Important, but frustrating piece in the Washington Post this morning about the difficulty of sustaining test-score growth in underperforming schools after dramatic one-time boosts. “Studies across the country show that many low-performing schools falter after big one-year gains in test scores. Of the seven D.C. public schools that increased proficiency rates by 20 percentage points or more in both reading and math in 2008,” Bill Turque reports, only showed growth in 2009. “Most of the schools that surged 20 points or more in a single category last year also had difficulty building on the increase this year.”
The piece looks at any number of reasons–from turnover to cheating–why scores might spike in a given year and then plateau or decline. But if the piece is any indication, DC schools are overlooking the obvious: a key to long-term growth in reading scores is the steady buildup of background knowledge. Without knowing anything about the particular schools discussed in the Post piece, I’d bet real money that we’re talking about mediocre schools that got religion (or were forced to get religion) about testing and focused on it. Hard. But no one should be surprised to see one-time gains.

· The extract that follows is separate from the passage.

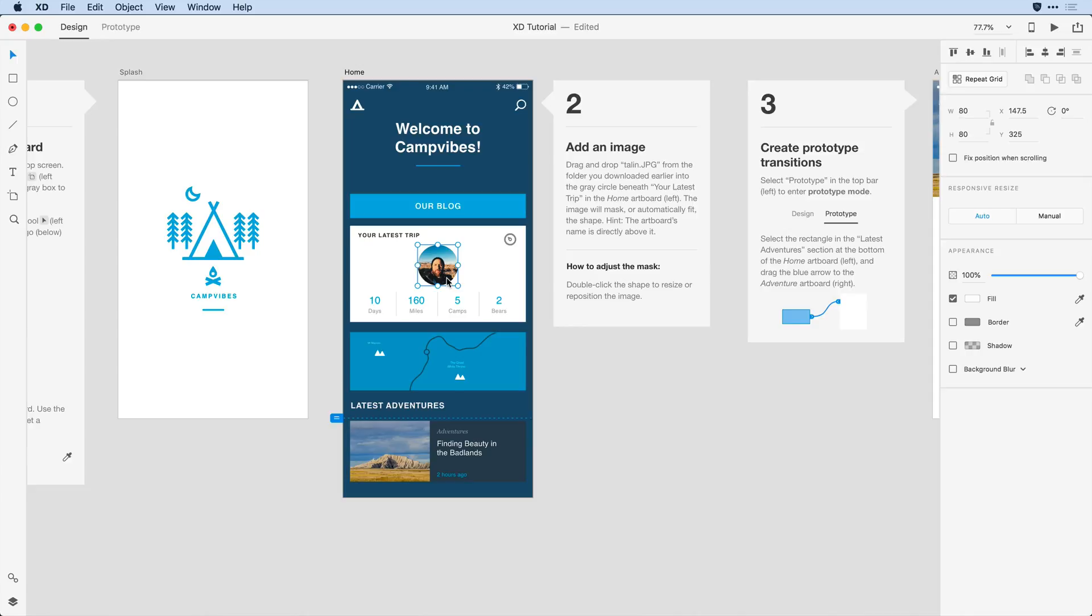That looks pretty good, but I want to actually control the mask on the image, both its size and placement. To do that with the image selected here, I'm going to double click, which takes me into that mask layer.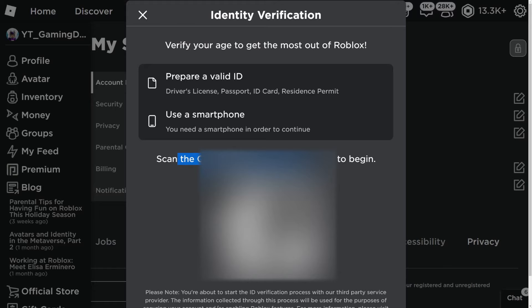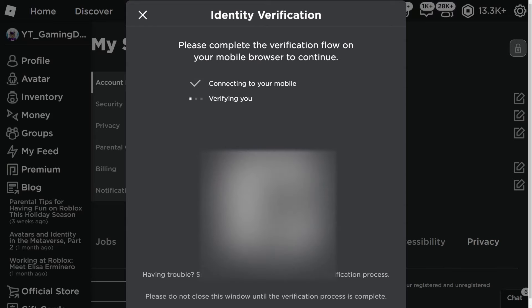Click on that link and it'll lead you to a website. Once you're on the website, click on 'Start a Session'. What will happen next is it will say 'Verifying you'. All you need to do now is take a picture of your identification, and your account will be verified to confirm you are the correct age.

“Given the relationship between academic background knowledge and academic achievement, one can make the case that it should be at the top of any list of interventions intended to enhance student achievement,” wrote Robert Marzano in his 2006 book Building Background Knowledge for Academic Achievement. ”If not addressed by schools, academic background knowledge can create great advantages for some students and great disadvantages for others.”
E.D. Hirsch has obviously spent much of his life banging on this same drum, pointing over and over that reading tests are essentially tests of background knowledge. If DC school leaders understand this, the Post piece doesn’t say.
Test prep and simplistic reading strategy instruction that focus on trivial stories–students learn to predict, to summarize, to infer — does nearly nothing to add to a child’s store of knowledge, making an such a one-time boost nearly inevitable. An absence of background knowledge is the difference-maker and left unattended it eventually shows up in the test scores.
At a recent Aspen Institute panel discussion with Hirsch, Randi Weingarten observed that the reason we’re not seeing more of this is because “what works is boring.” Building background knowledge is a slow, steady process. Boring as hell. And absolutely effective.